After a dazzling college career that smashed records on and off the basketball court, Caitlin Clark’s legacy as a trailblazing icon for women’s sports is already secure, and she showed that when a record-breaking average of 18.7 million viewers tuned in to watch Sunday’s women’s National Collegiate Athletic Association championship game.
ESPN said that audience figures for the game, which saw the University of South Carolina take down Clark and the University of Iowa Hawkeyes, peaked at 24 million viewers.
The numbers made the game not only the most watched women’s college basketball game in history, but also the most-watched basketball game of any kind — men’s or women’s, college or professional — since 2019.
Photo: Kirby Lee-USA TODAY
Now, as the 22-year-old prepares to be chosen with the No. 1 pick in next week’s WNBA draft, experts are predicting Clark might have the same kind of transformative effect on women’s professional basketball.
WNBA commissioner Cathy Engelbert on Monday said that Clark and the next generation of women’s basketball players would be economic engines that ensure the league’s financial footing for the next 30 years.
Engelbert told CNBC that the WNBA expects to see its media deals double in value, from about US$50 million a year to US$100 million, when they are next negotiated in 2025.
“We hope to at least double our rights fees,” Engelbert said. “Women’s sports rights fees have been undervalued for too long.

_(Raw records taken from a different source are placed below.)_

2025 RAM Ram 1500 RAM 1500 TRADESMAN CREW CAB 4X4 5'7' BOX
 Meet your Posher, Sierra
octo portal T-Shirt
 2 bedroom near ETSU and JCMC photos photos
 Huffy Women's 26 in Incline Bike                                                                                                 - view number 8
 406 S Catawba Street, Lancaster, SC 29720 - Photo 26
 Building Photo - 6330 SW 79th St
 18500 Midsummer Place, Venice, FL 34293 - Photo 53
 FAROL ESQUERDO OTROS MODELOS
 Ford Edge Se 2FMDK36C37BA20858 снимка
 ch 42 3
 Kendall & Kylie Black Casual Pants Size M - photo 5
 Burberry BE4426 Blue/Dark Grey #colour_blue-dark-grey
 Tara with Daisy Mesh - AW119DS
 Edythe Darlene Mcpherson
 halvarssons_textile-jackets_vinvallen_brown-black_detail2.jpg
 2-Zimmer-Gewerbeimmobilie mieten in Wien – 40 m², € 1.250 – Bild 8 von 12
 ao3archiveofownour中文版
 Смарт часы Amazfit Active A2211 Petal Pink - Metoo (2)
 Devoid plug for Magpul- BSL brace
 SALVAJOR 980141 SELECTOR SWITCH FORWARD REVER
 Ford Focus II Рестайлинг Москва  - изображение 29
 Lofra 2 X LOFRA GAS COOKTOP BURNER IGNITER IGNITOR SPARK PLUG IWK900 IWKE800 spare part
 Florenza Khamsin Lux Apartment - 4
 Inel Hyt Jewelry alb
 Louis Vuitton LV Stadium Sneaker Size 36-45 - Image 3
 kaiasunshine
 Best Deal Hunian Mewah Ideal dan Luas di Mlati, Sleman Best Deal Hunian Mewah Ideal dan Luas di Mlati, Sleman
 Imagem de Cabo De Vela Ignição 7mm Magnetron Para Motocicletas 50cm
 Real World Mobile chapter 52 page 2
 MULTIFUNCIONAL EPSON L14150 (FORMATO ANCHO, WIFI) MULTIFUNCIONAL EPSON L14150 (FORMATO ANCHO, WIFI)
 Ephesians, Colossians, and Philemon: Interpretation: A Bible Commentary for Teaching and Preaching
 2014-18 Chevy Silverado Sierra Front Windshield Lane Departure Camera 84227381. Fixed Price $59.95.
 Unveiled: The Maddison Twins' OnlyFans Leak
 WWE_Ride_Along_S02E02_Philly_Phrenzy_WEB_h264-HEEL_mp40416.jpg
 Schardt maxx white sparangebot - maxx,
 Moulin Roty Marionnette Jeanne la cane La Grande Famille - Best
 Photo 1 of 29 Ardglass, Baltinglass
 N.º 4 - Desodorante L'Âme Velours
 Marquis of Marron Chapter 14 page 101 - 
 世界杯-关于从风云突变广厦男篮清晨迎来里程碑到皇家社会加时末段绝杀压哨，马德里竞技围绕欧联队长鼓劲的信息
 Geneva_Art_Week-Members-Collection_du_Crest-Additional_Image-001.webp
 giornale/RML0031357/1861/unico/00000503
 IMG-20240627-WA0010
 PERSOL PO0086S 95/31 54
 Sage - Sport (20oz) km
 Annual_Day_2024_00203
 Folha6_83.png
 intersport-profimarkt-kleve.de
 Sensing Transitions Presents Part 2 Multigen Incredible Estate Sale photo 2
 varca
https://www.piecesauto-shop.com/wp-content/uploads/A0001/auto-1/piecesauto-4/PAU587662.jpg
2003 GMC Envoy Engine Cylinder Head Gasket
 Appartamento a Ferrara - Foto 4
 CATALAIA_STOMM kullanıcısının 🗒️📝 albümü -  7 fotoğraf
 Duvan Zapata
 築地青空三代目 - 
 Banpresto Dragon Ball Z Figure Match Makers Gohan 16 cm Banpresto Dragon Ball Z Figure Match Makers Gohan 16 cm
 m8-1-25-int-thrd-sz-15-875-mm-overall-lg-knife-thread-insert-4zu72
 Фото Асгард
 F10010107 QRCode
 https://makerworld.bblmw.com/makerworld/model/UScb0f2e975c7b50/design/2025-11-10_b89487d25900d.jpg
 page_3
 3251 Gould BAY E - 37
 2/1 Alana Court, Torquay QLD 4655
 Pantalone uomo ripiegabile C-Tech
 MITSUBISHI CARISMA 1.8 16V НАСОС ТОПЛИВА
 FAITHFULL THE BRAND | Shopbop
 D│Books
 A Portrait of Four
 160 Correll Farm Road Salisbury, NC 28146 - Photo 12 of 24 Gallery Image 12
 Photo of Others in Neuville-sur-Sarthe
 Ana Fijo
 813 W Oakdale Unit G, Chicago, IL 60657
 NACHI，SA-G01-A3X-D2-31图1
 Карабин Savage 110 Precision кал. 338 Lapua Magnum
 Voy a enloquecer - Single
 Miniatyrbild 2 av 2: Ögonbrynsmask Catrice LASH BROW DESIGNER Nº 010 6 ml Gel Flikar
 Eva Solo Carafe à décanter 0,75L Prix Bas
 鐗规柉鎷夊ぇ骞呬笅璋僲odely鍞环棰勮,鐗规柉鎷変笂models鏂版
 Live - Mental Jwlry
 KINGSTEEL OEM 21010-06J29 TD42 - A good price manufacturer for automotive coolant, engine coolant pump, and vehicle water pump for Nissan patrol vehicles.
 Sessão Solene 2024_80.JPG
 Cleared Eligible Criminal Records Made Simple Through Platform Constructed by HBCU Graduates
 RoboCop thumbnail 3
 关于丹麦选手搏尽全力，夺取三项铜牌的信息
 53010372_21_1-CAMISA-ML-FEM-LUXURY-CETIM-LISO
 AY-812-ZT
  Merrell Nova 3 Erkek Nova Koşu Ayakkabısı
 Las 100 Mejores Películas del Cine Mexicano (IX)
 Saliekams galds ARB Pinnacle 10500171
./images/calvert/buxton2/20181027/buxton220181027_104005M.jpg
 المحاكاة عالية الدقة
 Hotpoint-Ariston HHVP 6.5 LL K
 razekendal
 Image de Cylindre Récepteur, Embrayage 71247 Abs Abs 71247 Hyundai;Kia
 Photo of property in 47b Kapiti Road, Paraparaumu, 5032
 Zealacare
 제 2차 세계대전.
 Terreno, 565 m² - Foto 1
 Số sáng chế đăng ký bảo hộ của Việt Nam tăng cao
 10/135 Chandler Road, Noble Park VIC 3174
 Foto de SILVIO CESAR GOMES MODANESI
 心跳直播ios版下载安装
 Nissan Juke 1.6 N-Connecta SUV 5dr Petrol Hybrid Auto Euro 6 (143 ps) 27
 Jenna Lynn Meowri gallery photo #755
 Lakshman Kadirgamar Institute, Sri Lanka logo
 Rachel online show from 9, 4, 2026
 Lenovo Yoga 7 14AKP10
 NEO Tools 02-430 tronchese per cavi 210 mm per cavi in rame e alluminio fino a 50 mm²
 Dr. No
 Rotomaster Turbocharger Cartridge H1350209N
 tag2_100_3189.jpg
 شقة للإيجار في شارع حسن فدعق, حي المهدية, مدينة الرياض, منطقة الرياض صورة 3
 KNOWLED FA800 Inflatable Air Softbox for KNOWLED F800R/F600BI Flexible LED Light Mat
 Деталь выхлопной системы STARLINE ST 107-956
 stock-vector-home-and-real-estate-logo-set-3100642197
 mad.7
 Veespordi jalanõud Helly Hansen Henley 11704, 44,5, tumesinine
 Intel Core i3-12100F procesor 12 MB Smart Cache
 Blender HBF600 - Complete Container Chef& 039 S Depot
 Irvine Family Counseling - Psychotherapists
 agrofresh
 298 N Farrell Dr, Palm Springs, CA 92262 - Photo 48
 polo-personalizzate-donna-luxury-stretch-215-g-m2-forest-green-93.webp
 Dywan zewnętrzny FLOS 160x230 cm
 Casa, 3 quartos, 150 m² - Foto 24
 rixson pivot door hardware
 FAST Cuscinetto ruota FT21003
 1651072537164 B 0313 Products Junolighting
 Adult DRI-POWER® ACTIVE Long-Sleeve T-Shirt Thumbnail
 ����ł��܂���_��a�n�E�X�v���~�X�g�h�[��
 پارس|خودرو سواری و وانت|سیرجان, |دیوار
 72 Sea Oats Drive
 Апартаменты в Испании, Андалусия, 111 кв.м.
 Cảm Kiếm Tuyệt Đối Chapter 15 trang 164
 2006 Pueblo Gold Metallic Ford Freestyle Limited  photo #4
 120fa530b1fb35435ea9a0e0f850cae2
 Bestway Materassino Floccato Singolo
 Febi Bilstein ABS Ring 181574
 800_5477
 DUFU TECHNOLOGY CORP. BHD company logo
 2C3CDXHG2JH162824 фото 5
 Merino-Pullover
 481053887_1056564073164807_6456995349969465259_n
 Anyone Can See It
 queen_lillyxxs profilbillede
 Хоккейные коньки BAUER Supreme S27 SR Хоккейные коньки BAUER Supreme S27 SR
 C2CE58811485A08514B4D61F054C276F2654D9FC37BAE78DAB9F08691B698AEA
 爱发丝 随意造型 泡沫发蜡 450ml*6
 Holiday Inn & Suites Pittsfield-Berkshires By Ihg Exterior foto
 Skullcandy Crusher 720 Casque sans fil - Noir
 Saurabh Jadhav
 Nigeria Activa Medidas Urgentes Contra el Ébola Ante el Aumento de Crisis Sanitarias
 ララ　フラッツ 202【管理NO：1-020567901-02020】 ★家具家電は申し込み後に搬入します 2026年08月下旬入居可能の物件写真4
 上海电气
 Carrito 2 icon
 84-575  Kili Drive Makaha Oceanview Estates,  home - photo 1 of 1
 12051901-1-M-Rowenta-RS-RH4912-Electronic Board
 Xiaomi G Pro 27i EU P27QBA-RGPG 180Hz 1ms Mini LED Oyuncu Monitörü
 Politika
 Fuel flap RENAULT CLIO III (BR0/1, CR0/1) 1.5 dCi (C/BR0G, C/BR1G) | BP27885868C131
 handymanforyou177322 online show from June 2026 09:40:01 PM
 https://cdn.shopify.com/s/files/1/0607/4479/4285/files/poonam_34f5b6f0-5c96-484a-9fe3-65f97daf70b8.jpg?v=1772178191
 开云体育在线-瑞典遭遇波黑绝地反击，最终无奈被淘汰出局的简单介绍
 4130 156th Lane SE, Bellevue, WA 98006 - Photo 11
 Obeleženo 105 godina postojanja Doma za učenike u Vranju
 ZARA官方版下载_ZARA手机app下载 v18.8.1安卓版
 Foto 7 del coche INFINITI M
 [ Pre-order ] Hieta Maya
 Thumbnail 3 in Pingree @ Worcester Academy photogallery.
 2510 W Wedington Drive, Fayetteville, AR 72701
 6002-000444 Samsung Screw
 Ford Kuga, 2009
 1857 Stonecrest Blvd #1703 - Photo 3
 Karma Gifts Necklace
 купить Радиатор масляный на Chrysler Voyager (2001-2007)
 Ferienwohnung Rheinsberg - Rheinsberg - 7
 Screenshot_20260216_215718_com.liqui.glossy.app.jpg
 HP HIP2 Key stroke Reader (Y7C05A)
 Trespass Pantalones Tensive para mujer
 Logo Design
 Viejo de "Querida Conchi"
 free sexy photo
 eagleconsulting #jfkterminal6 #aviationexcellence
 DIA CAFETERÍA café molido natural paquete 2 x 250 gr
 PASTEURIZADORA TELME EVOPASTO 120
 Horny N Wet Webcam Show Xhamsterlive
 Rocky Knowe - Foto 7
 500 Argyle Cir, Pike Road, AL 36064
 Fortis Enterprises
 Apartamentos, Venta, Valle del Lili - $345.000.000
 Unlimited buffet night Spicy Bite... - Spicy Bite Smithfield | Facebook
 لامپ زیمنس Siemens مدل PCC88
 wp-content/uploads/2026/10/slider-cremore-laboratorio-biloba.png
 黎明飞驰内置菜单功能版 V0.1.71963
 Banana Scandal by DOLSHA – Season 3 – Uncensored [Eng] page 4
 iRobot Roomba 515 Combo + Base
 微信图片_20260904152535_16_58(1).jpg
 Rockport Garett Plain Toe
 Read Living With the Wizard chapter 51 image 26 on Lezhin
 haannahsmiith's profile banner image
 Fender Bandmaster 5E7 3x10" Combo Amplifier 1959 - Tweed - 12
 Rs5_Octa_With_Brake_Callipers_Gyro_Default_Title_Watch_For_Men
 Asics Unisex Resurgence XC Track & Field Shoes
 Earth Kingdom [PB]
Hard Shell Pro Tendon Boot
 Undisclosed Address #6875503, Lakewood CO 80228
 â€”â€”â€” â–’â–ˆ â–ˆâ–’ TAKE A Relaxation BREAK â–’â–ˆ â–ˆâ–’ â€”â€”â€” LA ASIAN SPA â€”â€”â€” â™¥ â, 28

So we have this enormous opportunity at a time when the media landscape is changing so much.”
The arrival in the WNBA of Clark and other college stars such as Louisiana State University’s Angel Reese and South Carolina’s Kamilla Cardoso could have the same kind of impact as the 1980s rivalry between Magic Johnson and Larry Bird, which helped create the modern NBA, Engelbert said.
“I think we’re setting the league up with this next media rights deal not just for the next three to five years but for the next 30,” Engelbert said. “If you look at the history of men’s sports, do we have our ‘Bird-Magic’ moment like the NBA?”
The WNBA class of 2024 would bring with them built-in audiences from college basketball and, significantly, substantial social media followings.
Clark’s 258,000 followers on X is more than 100,000 followers more than Breanna Stewart, the current WNBA Most Valuable Player. Reese — affectionately nicknamed ‘Bayou Barbie’ — could bring her X following of 415,000 to the WNBA.
Clark’s impact on the business of college basketball in the past few seasons is well documented.
This season, she and the Hawkeyes set or broke attendance records in all but two of their games, US National Collegiate Athletic Association data showed.
The University of Iowa women’s basketball program generated US$3.8 million in the 2022-2023 season. That was up from US$1.7 million a year earlier.
Already there are signs that the “Caitlin Clark Effect” is starting to wash over the WNBA. The Indiana Fever, the club who are guaranteed to take Clark with the top draft pick on Monday, sold out seats for games against the Connecticut Sun and the Los Angeles Sparks within hours of putting them on sale.
Courtside seats for the May 28 game with Los Angeles in Indianapolis were being offered for US$660 on one resale Web site.
It is not just Indiana who expect to cash in on Clark’s box office appeal.
The Las Vegas Aces have already announced plans to move their July 2 home game against Indiana from their 12,000-seat Michelob Ultra Arena in Las Vegas to the bigger, 20,000-capacity T-Mobile Arena.
Mary Jo Kane, a professor at the University of Minnesota and founding director of its Tucker Center for Research on Girls and Women in Sport, says Clark has been an “unprecedented tsunami of impact and influence.”
“No one has been able to capture the kind of magic or lightning in a bottle like Caitlin Clark has done,” Kane told National Public Radio in a recent interview.
Clark derives satisfaction from a collegiate career that redefined the popular appeal of women’s sport.
“When you’re given the opportunity, women’s sport thrives and that’s been the coolest part for me on this journey,” said Clark, whose achievements this season included breaking Pete Maravich’s 54-year-old all-time college basketball scoring record.
“We started the season playing in front of 55,000 people, now we’re ending it in front of 15 million people on TV. It just continues to get better and better and that’s never going to stop,” she said.